In einer erfreulichen Entscheidung hat der Europäische Gerichtshof (EuGH) die Rechte von Angehörigen subsidiär Schutzberechtigter gestärkt (C‑768/19).
Geklagt hatte im Ausgangsfall der Vater eines zunächst minderjährigen afghanischen Staatsangehörigen, der unbegleitet eingereist war. Letzterer hatte bereits 2012 einen Asylantrag gestellt. Erst vier Jahre später, im Mai 2016 und damit nach Eintritt der Volljährigkeit im April 2016, erkannte das Bundesamt für Migration und Flüchtlinge (BAMF) ihm den subsidiären Schutzstatus nach § 4 Asylgesetz (AsylG) zu. Sein Vater war im Januar 2016 eingereist und hatte formlos um Asyl ersucht, den förmlichen Antrag kurz nach dem 18. Geburtstag seines Kindes gestellt. Das BAMF lehnte den Antrag des Vaters ab, wogegen dieser klagte. Im Verlauf hatte sich der EuGH nach Vorlage durch das Bundesverwaltungsgericht mit den nun entschiedenen Fragen zu befassen.

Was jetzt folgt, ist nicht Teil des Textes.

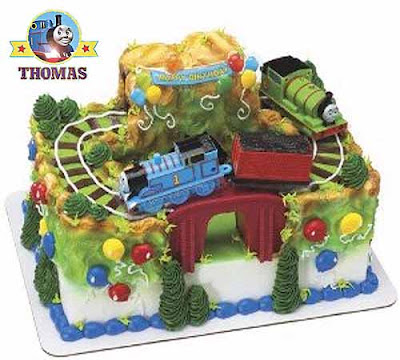 Thomas  Train Birthday Cake on Thomas The Train Cake Birthday Decorating Ideas For Boys Kit   Train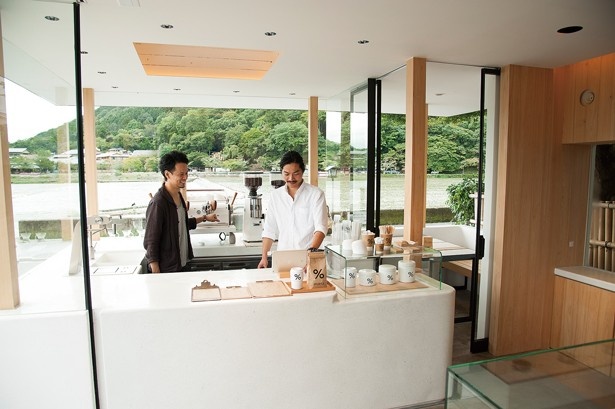 「％ ARABICA 京都 嵐山」香港に本店があるコーヒーショップの日本2号店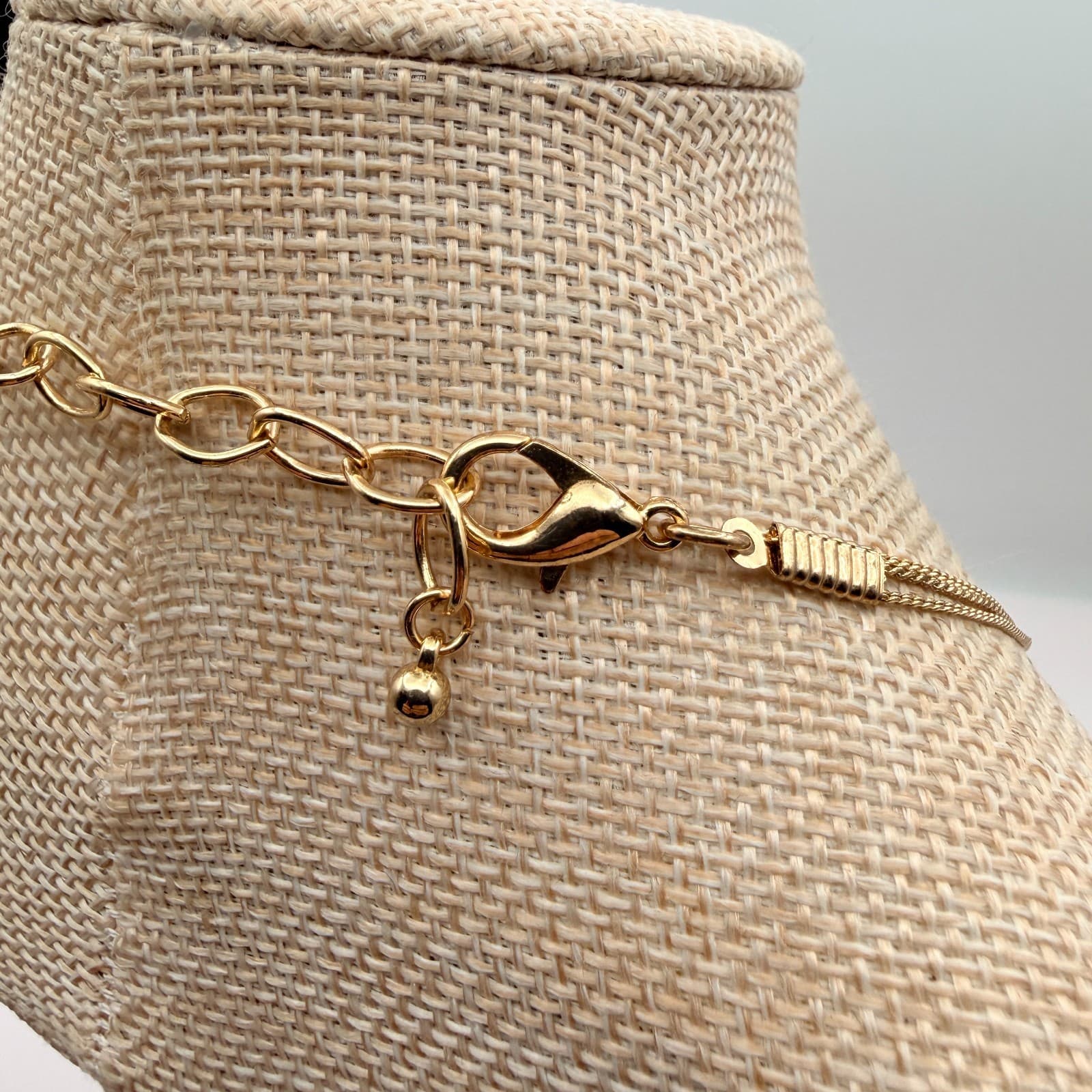 VTG Y2K Gold Tone Triple Strand Mother of Pearl Shell Beaded Necklace Jewelry - Thumbnail 8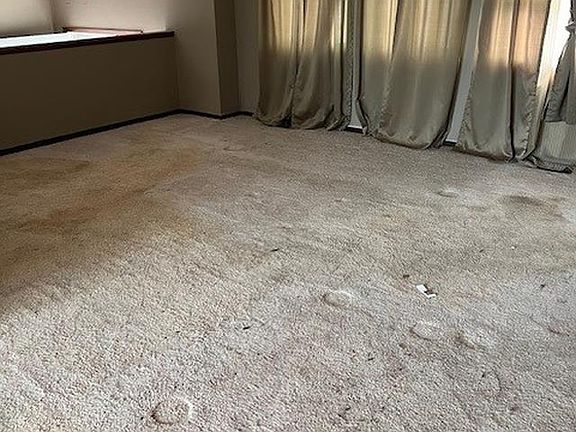 4th image of 7318 Thorn Apple Ln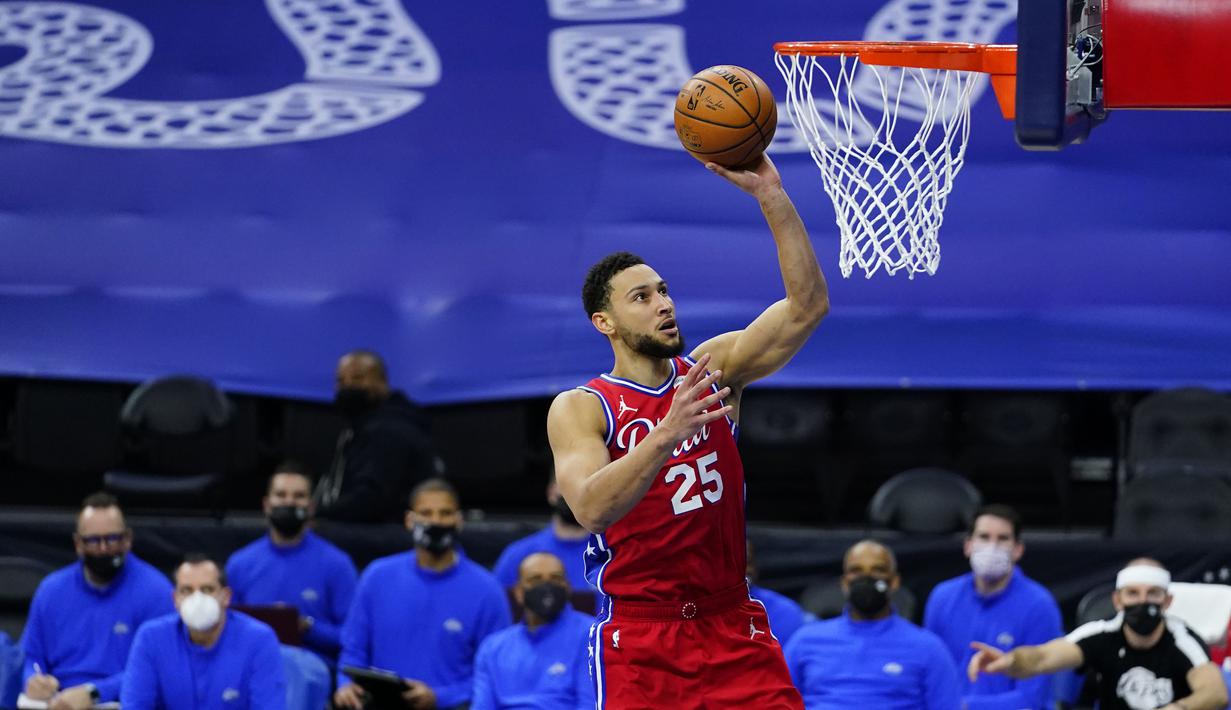 Pebasket Philadelphia 76ers, Ben Simmons berusaha memasukan bola kedalam ring pada laga lanjutan NBA melawan LA Lakers di Wells Fargo Center Arena, Philadelphia, AS, Kamis (28/1/2021). (Foto: AP Photo/Matt Slocum)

Kern des Rechtsstreits war § 26 Abs. 3, Abs. 5 AsylG, der insbesondere den Eltern eines minderjährigen Schutzberechtigten vermittelt über den Status des Kindes einen Anspruch auf Zuerkennung subsidiären Schutzes gewährt. Die Norm setzt die EU-Richtlinie 2011/95/EU in nationales Recht um. Diese benennt ihrerseits in Art. 2 j) Spiegelstrich 3 berechtigte Angehörige.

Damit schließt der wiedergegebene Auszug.